What you are asked to do:
Give back all of the data exactly. Leave nothing out.

Dataset content:
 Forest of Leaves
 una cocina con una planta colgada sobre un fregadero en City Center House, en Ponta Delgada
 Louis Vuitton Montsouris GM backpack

Response area:
 Forest of Leaves
 una cocina con una planta colgada sobre un fregadero en City Center House, en Ponta Delgada
 Louis Vuitton Montsouris GM backpack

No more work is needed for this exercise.